At a hearing of the Public Accounts Committee on the findings of the NAO’s recent report into the value for money of gift aid, HMRC said the sector agreed that gift aid had boosted philanthropy, while the NAO claimed that the charities it had consulted agreed there was no firm evidence of this.
The Committee’s chair, Margaret Hodge MP, told HMRC’s chief executive Lin Homer (pictured) and director of counter-avoidance David Richardson that the report showed that the link between gift aid and higher donations was “at best unproven; at worst giving to charity has actually fallen”.
This kicked off the bickering between Homer and Robert Prideaux, director at the National Audit Office, over whether the charity sector agrees that donations have risen over the 13 years since gift aid was introduced.
Homer said that in 1999, the year before gift aid replaced the deed of covenant as an individual’s instrument for claiming tax relief on donations, a total of £590m was given to charity by individuals. By last year, this had climbed to £1.04bn, a rise of around 75 per cent, she said.
“We and the sector are very clear that donations have gone up, that gift aid has had a very positive effect on individual donations,” she said.
But Prideaux disagreed. He said the NAO consulted the sector for its report and found “no clear evidence that donations in the round are increasing”.
“They are in absolute terms, but this might be down to demographics and population changes,” he said. “We have not said in the report that donations aren’t increasing, but there is no clear evidence that they are increasing, and the charitable sector will back this up.”
Margaret Hodge was also unconvinced, telling Homer: “You have yet to prove that this radical change in 2000 was value for money for the £1bn that has gone to corporations and high net worth individuals as a bribe to encourage them to do more.”

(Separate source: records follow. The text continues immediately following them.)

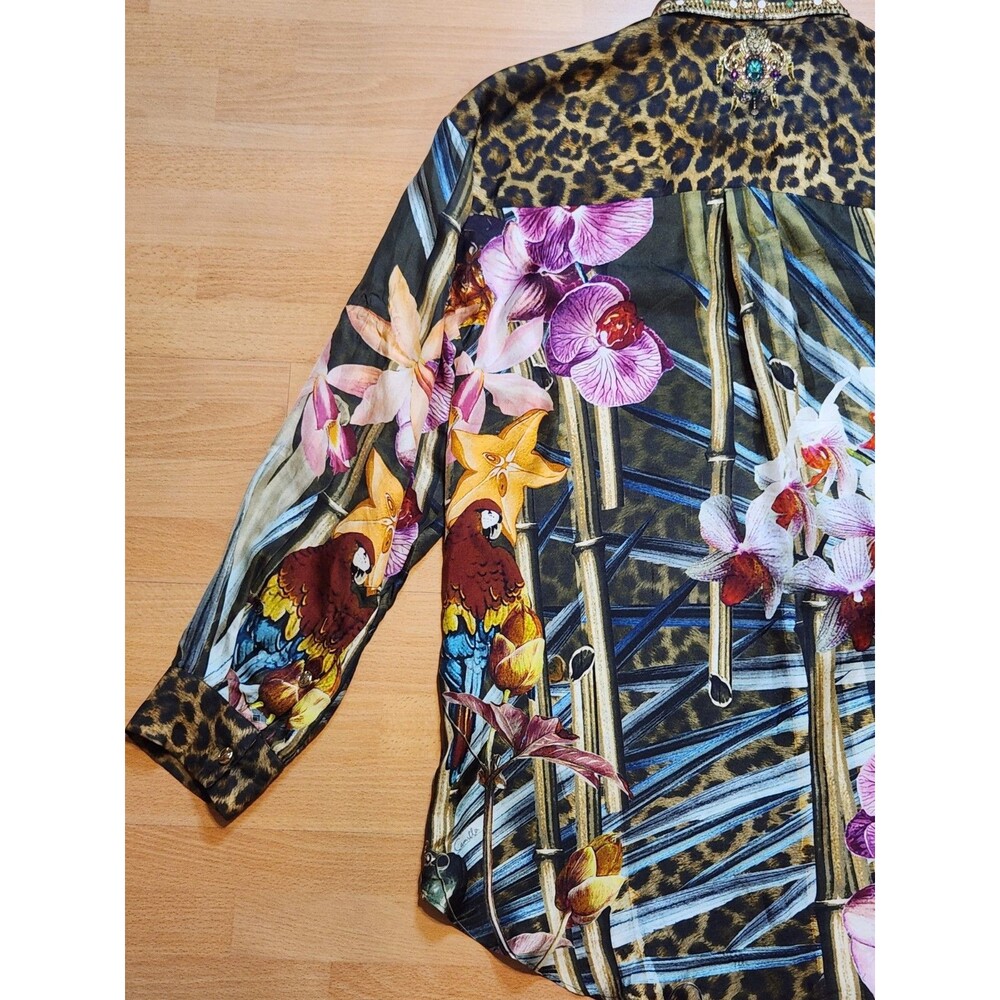 Women's Camilla Silk Passport To Paradise Multicolor Oversized Blouse Size Small - Picture 12 of 16
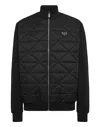 Philipp Plein Fleece And Nylon Padded Jacket In Black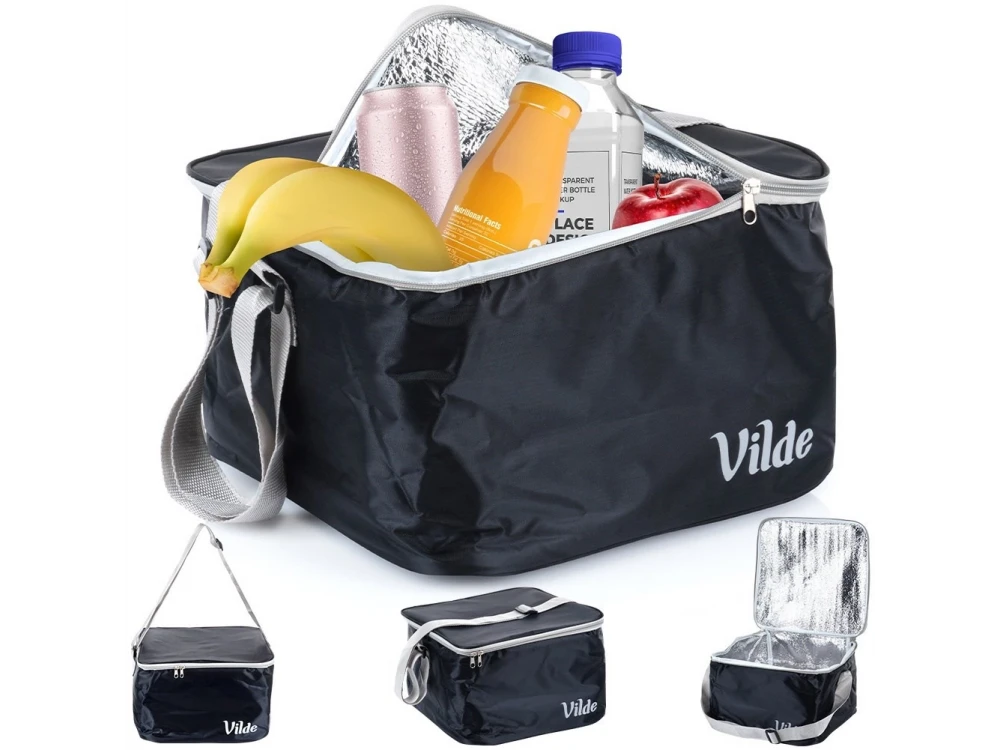 Vilde Cooler Bag Insulated Shoulder Bag 18L 31x32x20cm, Waterproof, Black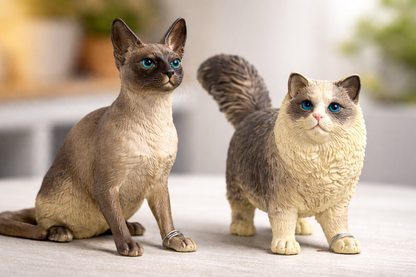 Realistic Siamese & Ragdoll Cat Toy Set of 2 | Mini Cat Figurines | Cute Animal Toys for Boys & Girls | Desk Decor Gift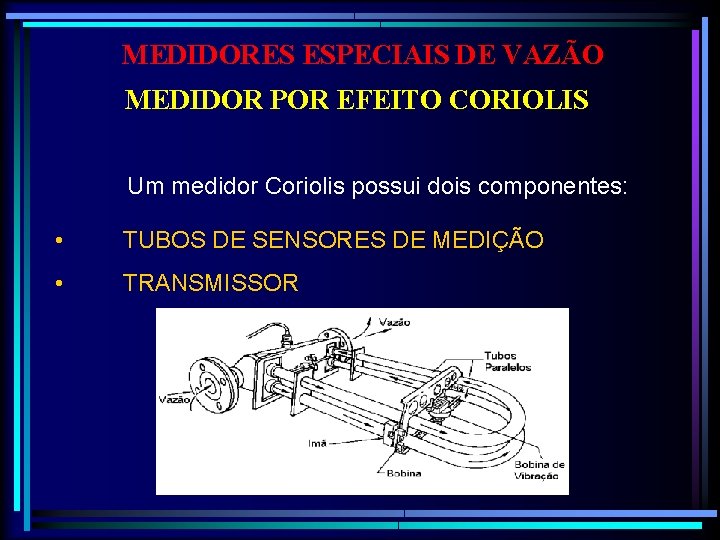 MEDIDORES ESPECIAIS DE VAZÃO MEDIDOR POR EFEITO CORIOLIS Um medidor Coriolis possui dois componentes: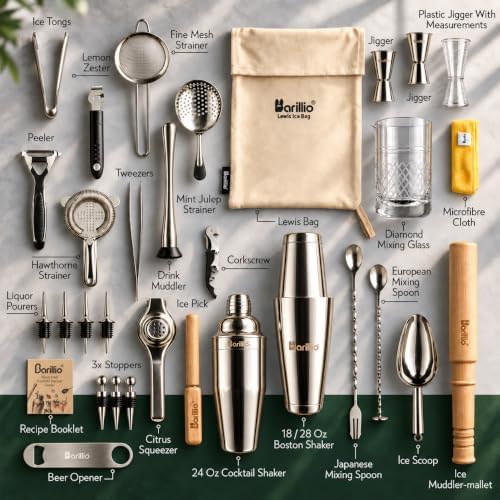 Bar Tool Set Pro Edition - Stainless-Steel Cocktail Shaker Set - Mixology Bartender Kit w/Boston Shaker, Drink Mixer & Muddler for Cocktails - Home Bar Accessories - 32-Pc Bar kit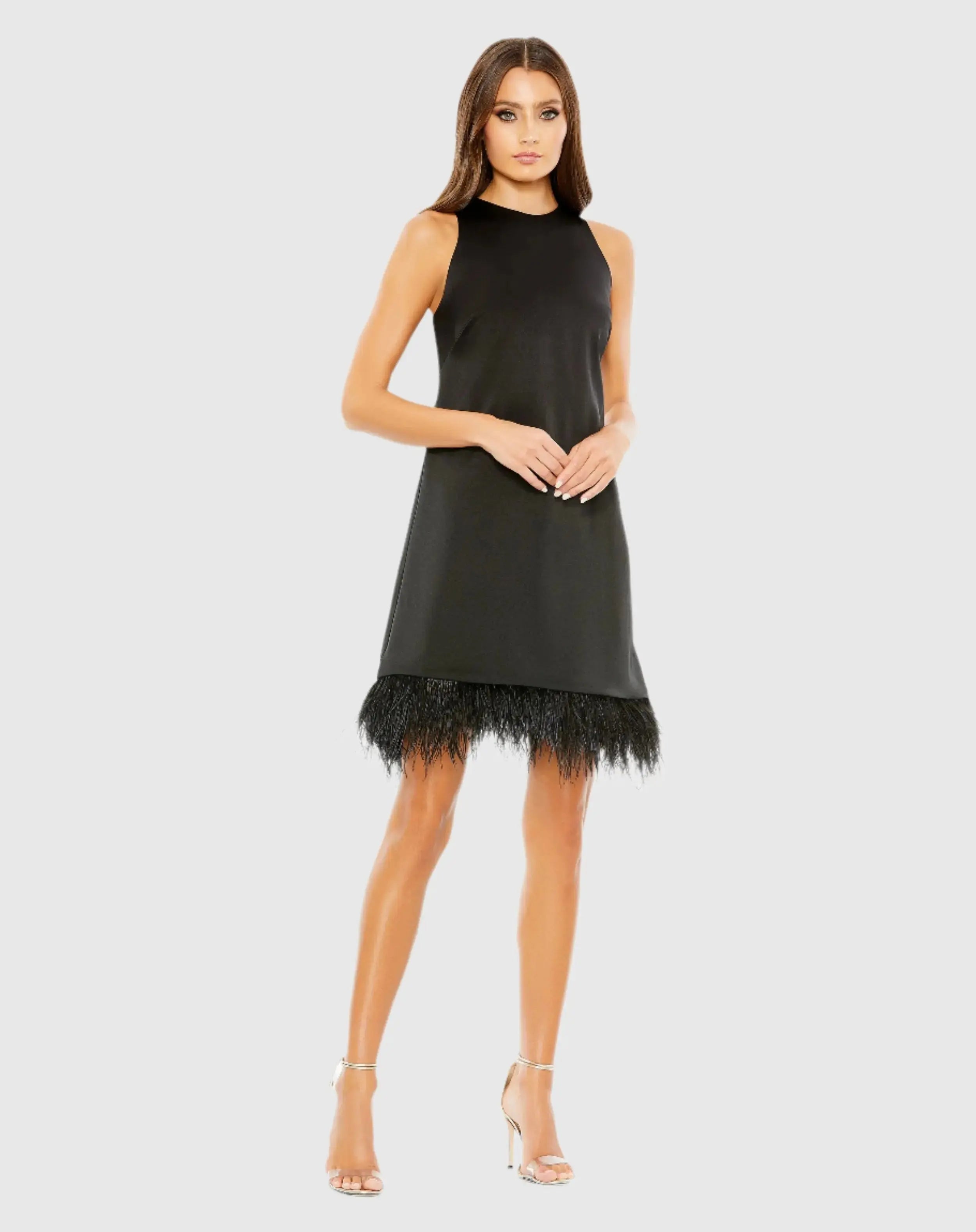 Black Feathered Hem High Neck Sleeveless Trapeze Dress - Final Sale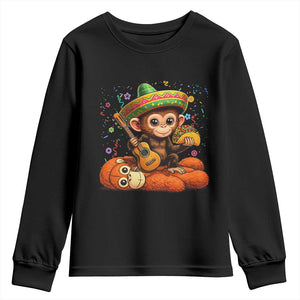 Cute Punch Baby Monkey Cinco De Mayo Youth Sweatshirt Funny Animal Gift TS12 Black Print Your Wear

David Richardson, head of counter-avoidance at HMRC, admitted that HMRC did not have detailed information on the tax reliefs claimed by companies, but added there was no evidence to suggest a serious problem with corporations taking advantage of gift aid on corporate donations, as about half the gift aid claimed by companies was claimed by the trading subsidiaries of charities.
Homer said HMRC accepted that more needed to be done to collect and analyse relevant data to prove the value-for-money proposition, but did not accept the premise that gift aid has not served to boost giving.
Homer said: “I think this tax relief has proven to be value for money for the charities. It’s a good technique that works well.”
Hodge asked the HMRC executives to name the ten charities that benefit most from gift aid, but Richardson said he didn’t have that information to hand and wouldn’t name names anyway.
Hodge suggested that HMRC should know who these are so that when they see a large claim from an unknown charity, such as the Cup Trust, they would immediately be suspicious.
Homer said HMRC had received gift aid claims from eight marketed tax-avoidance schemes that it did not believe were valid, involving 1,800 individual claimants and £240m. It had not paid out on any of them, and did not expect to do so, she said.
She admitted that in the past the Revenue had been “slightly on the shy side of talking about cases that concern us” and that it had new communications plans in place to publicise criminal activity and hopefully deter others.
Richardson added that a consultation was under way on new powers to issue fines to people that submitted claims that did not succeed.